[R] Depth-first pruning transfers: GPT-2 → TinyLlama with stable gains and minimal loss

A new pruning technique called depth-first pruning is challenging conventional model compression approaches by selectively removing entire transformer layers rather than uniformly shrinking model dimensions. Developed through experimentation on GPT-2 and validated on TinyLlama 1.1B with full 3-seed replication, the method identifies and removes the least important layers based on sensitivity analysis. Results show removing 8-12% of layers (going from 22 to 19-20 layers) increases perplexity by only 6-8% while maintaining extremely stable performance (±0.01 PPL variance across seeds).

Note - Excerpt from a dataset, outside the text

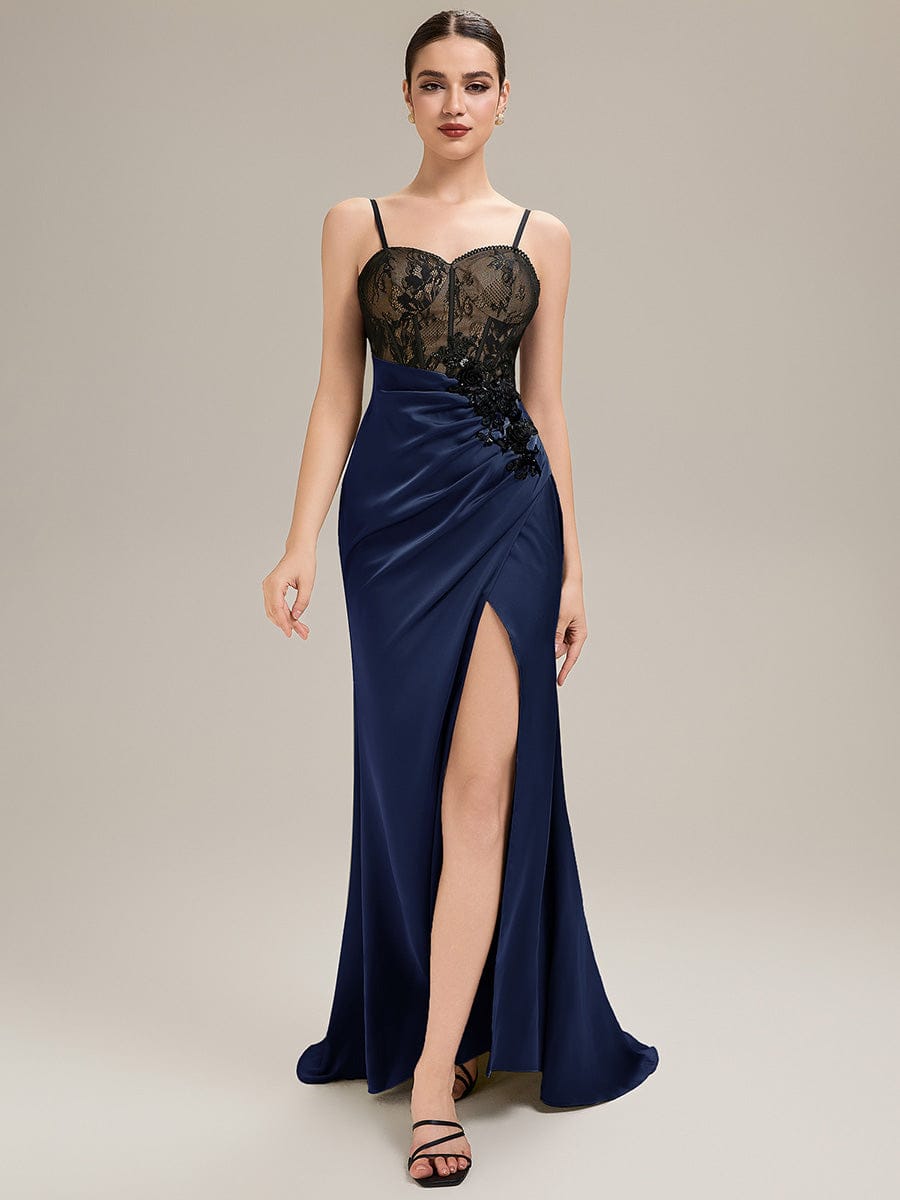 Applique Satin Sleeveless Evening Dress #color_Navy Blue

What makes this approach particularly valuable is its transferability across different model architectures—working effectively on both GPT-2 and Llama-family models—and its practical benefits beyond mere parameter reduction. Unlike traditional width pruning that degrades all layers uniformly, depth-first pruning preserves the most useful structural components while eliminating redundant computation. This produces real inference speedups rather than just theoretical parameter savings, making it a clean, reproducible efficiency method that could reshape how we approach model optimization.

The technique represents a shift from "make every layer smaller" to "remove the layers that matter least," emphasizing structural efficiency over uniform scaling. While not claiming state-of-the-art status or introducing a new architecture, the method demonstrates that not all transformer layers contribute equally to model performance. This insight could lead to more efficient model discovery and deployment strategies, particularly valuable for memory-constrained applications where every percentage of size reduction matters.